Overuse of CT challenges pediatric imagers

June 15, 2006

One of the biggest mistakes made by specialists is overuse of CT in pediatrics, according to Dr. Donald Frush, chief of pediatric radiology at Duke University. As critical as multislice CT can be in evaluating pediatric patients, it’s not the right tool all the time.

One of the biggest mistakes made by specialists is overuse of CT in pediatrics, according to Dr. Donald Frush, chief of pediatric radiology at Duke University. As critical as multislice CT can be in evaluating pediatric patients, it's not the right tool all the time.

In a review of the top mistakes imagers make in pediatric CT imaging, Frush cited overuse as number one during a presentation at the Stanford Multidetector-Row CT meeting in San Francisco.

"Implicit in every CT procedure is an agreement that it is indicated," Frush said. "But 30% to 40% of CT exams have questionable indications. Ultimately, we are responsible for the use of CT, for obtaining diagnostic examinations, and for the safety of our patients."

The problem is not easily addressed, he said, acknowledging the lure of new devices combined with radiology business pressures. But ensuring that scans are designed to answer specific clinical questions is one way to reduce overuse.

Changes in technique and protocol can help when it comes to other common mistakes in pediatric practice.

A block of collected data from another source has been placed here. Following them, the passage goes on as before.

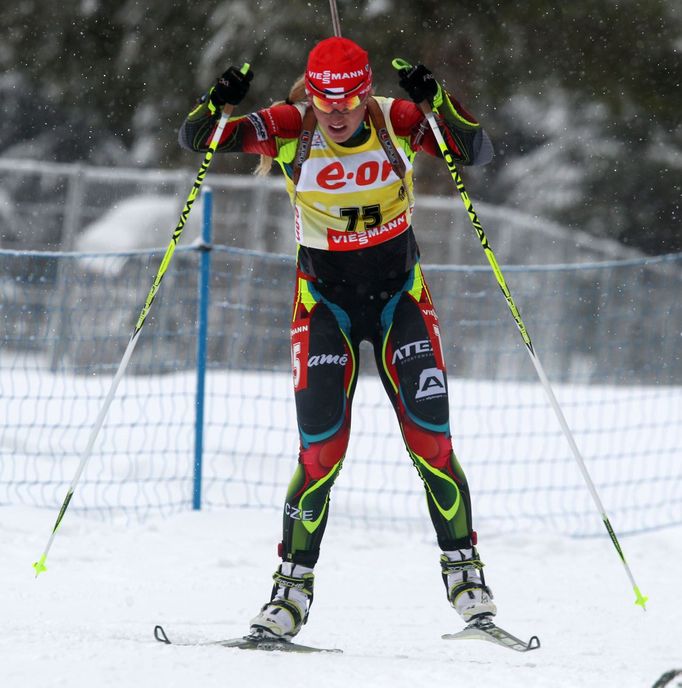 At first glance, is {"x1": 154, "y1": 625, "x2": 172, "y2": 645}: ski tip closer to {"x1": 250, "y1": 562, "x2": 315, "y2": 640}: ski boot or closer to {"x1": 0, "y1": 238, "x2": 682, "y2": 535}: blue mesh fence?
{"x1": 250, "y1": 562, "x2": 315, "y2": 640}: ski boot

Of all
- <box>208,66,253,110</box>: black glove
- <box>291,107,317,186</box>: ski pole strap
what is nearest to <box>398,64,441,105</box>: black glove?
<box>291,107,317,186</box>: ski pole strap

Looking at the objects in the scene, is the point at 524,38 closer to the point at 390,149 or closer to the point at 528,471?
the point at 528,471

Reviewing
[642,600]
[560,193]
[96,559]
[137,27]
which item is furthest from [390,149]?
[560,193]

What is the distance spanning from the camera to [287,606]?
432 cm

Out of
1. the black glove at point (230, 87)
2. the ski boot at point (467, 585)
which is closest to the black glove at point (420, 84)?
the black glove at point (230, 87)

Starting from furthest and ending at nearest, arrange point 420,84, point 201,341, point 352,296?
point 201,341, point 352,296, point 420,84

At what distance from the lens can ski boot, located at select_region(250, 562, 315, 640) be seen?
423cm

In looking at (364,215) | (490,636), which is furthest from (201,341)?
(490,636)

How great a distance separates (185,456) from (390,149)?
4293 mm

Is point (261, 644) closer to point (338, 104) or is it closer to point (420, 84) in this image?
point (338, 104)

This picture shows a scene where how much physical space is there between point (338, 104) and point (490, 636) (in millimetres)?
2037

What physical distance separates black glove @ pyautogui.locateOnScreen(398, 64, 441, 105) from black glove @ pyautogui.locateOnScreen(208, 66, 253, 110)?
23.5 inches

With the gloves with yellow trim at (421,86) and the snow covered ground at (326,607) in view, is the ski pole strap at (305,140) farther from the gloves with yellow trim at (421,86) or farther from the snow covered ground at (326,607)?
the snow covered ground at (326,607)

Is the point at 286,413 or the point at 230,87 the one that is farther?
the point at 286,413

Frush sees poor contrast enhancement as one of these.

"One of the most critical aspects of scanning in children is timing the contrast with respect to the CT angiogram, abdomen, and chest," he said. "Timing is everything."

Frush also sees overuse of multiphase exams in pediatric practice. At Duke, only about 5% of all body MSCT exams in children are multiphase. But the average he sees in outside practices is 31%. When multiphase exams are indicated, as with renal studies, imagers should employ a lower dose precontrast exam and a lower contrast delayed exam, he said.

Pediatric exams typically use kVp values that are too high, Frush said. He recommended considering 80 to 120 kVp in chest, musculoskeletal, and CTA studies.

Another common mistake is failure to anticipate the need to perform reformations. To ensure best image quality when scanning for causes of abdominal pain, obstructions, and airways and in CT angiography, imagers should use the thinnest detector configuration possible, Frush said. Thin slices (such as 0.625) with a 30% to 50% overlap abet optimal reconstructions.

Pediatric patients should be prepared properly by scanning fast and sedating when necessary, Frush said. He recommended using intravenous contrast, which carries a low risk in pediatric populations, when indicated but particularly for abdominal pain. Adjusting dose protocols depending on organ systems is also suggested.

"Chest, MSK, and CTA are all amenable to lower dose scanning because they are intrinsically high contrast," Frush said. "Think about dose thresholds. How much do you really need?"